From: Daniel P . Berrangé
Subject: Re: [PATCH 1/1] MAINTAINERS: introduce cve or security quotient field
Date: Thu, 16 Jul 2020 11:01:57 +0100
User-agent: Mutt/1.14.5 (2020-06-23)

On Thu, Jul 16, 2020 at 11:45:50AM +0200, Christian Schoenebeck wrote:
> On Donnerstag, 16. Juli 2020 11:21:55 CEST P J P wrote:
> > +-- On Thu, 16 Jul 2020, Daniel P. Berrangé wrote --+
> > 
> > | > Failing to start (with a message that explains why) if one of the
> > | > command
> > | > line options is not covered by a specified security policy is not
> > | > unreasonable (after all, we fail to start for other cases of
> > | > incompatible
> > | > command line options as well.)
> > 
> >   Yes, that's right.
> > 
> > | > However, we also need to cover dynamically-added devices. Aborting seems
> > | > very bad there, just failing to add the device seems like what we'd
> > | > want.
> > | 
> > | Yep, aborting is simply not an option for the inner code. It all has to
> > | propagate to a proper Error **errp object.

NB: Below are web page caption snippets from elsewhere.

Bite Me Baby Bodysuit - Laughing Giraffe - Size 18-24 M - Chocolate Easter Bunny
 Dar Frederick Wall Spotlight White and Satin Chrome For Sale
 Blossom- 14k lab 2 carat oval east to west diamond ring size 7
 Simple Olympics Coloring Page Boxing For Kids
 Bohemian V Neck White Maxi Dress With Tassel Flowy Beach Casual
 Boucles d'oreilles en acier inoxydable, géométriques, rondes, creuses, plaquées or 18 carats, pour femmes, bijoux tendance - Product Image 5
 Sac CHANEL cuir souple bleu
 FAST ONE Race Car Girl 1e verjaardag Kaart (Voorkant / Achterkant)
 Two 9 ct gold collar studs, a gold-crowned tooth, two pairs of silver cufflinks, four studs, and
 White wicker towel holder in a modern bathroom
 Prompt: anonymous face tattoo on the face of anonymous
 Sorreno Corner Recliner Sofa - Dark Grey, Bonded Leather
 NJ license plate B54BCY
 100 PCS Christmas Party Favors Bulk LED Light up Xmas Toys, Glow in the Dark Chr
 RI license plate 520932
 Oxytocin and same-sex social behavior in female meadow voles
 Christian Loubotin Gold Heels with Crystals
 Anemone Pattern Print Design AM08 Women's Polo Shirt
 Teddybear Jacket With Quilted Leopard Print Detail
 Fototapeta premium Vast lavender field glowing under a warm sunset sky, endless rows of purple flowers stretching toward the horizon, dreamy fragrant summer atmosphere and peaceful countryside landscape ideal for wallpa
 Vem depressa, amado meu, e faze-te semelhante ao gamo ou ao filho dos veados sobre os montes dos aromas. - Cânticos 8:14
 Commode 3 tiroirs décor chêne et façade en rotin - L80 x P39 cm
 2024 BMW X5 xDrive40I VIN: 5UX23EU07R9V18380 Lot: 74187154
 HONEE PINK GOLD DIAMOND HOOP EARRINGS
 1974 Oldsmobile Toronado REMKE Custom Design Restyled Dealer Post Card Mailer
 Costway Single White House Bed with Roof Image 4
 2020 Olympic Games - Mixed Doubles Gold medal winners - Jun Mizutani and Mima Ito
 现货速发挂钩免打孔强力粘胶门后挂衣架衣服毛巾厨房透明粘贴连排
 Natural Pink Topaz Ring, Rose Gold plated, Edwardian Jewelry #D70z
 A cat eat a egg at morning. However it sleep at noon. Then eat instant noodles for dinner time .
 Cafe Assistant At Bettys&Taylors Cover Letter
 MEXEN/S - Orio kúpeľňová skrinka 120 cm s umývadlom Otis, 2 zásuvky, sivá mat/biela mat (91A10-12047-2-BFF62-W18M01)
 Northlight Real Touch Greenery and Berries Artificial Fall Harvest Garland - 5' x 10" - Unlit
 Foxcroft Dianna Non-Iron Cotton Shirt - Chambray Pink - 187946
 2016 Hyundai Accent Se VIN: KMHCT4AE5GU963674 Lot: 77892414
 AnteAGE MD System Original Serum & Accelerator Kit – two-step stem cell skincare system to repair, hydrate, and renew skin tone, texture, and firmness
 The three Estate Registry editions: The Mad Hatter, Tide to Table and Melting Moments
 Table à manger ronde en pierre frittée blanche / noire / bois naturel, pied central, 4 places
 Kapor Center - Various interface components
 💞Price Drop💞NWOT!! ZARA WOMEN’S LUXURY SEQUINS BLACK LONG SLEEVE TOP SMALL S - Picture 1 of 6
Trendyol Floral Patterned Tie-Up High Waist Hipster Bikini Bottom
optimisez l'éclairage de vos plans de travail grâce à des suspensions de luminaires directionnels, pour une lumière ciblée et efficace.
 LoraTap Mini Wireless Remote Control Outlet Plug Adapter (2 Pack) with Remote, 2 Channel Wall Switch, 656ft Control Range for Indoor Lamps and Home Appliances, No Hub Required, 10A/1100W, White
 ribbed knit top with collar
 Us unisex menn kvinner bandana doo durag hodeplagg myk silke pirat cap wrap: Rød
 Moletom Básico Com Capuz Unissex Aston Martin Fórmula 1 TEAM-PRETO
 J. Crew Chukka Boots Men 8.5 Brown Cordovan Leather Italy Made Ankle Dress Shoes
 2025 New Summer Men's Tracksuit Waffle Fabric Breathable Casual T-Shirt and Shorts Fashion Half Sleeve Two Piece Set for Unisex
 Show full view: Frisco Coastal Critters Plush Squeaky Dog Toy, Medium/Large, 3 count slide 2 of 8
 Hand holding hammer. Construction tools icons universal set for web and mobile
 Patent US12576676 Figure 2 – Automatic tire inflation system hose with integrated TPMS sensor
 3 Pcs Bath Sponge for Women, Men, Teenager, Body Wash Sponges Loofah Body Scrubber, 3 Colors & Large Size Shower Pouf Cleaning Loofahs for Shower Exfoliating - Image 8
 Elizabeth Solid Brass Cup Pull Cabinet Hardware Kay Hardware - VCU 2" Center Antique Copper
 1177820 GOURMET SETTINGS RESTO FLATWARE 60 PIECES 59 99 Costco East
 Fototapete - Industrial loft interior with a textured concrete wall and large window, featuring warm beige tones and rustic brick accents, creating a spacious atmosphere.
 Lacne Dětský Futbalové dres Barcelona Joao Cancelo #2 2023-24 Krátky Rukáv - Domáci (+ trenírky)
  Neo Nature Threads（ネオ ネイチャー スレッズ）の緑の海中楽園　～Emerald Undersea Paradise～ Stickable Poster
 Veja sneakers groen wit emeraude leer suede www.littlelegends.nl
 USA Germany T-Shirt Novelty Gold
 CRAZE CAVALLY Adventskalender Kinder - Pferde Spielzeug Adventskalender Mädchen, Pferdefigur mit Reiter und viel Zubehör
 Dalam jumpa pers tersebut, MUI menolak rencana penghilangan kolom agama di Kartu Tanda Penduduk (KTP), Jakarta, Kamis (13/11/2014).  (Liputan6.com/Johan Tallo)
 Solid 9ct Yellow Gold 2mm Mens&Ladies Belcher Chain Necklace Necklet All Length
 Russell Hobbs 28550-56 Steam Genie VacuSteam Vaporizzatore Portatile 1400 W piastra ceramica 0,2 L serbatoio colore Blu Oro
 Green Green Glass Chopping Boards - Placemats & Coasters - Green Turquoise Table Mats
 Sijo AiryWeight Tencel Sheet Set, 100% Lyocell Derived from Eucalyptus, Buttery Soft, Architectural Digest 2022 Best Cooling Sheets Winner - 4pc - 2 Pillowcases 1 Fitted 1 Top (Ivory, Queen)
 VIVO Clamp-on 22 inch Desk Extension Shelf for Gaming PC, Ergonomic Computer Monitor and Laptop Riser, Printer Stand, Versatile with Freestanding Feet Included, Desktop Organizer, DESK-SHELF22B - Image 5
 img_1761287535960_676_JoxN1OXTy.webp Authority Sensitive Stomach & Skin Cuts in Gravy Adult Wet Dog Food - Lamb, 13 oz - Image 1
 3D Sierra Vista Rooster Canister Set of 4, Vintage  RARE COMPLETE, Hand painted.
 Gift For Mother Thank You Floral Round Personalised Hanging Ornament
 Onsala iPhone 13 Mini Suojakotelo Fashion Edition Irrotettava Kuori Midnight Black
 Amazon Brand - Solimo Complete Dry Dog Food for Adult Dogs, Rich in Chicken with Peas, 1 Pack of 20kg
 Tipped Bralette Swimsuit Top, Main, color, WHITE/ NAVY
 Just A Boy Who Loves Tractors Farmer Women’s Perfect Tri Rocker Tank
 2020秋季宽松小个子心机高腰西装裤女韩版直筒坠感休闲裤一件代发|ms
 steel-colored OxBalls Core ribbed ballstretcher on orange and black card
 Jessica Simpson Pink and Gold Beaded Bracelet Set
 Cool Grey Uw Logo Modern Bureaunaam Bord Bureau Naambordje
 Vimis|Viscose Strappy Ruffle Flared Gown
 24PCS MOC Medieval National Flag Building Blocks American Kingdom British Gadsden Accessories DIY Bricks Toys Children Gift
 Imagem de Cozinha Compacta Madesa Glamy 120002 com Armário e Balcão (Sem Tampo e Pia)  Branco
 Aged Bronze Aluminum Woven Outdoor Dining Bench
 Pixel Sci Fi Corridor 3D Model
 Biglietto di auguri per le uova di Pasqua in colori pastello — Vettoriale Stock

The ultimate entry-point at the
> > | CLI vs QMP then decides whether to turn the error into an abort or feed
> > | back to the client app.
> > 
> >   True, handling dynamic devices is tricky.
> > 
> > Though it seems kind of uniform workflow to check for '--security' flag at
> > options parsing OR while handling dynamic devices at run time; It is a huge
> > task to cover all options/use-cases for all QEMU emulators across various
> > architectures.
> 
> My concern here is that just distinguishing between either 'low' or 'high' is 
> a far too rough classification.
> 
> In our preceding communication regarding 9pfs, I made clear that a) we do 
> care 
> about security relevant 9pfs issues, and only b) the avarage use cases (as 
> far 
> we know) for 9pfs are above a certain trust level.
> 
> However b) does not imply 9pfs being 'unsafe', nor that we want users to 
> refrain using it in a security relevant environment. So 9pfs would actually 
> be 
> somewhere in between.

We shouldn't overthink this and invent many classification levels.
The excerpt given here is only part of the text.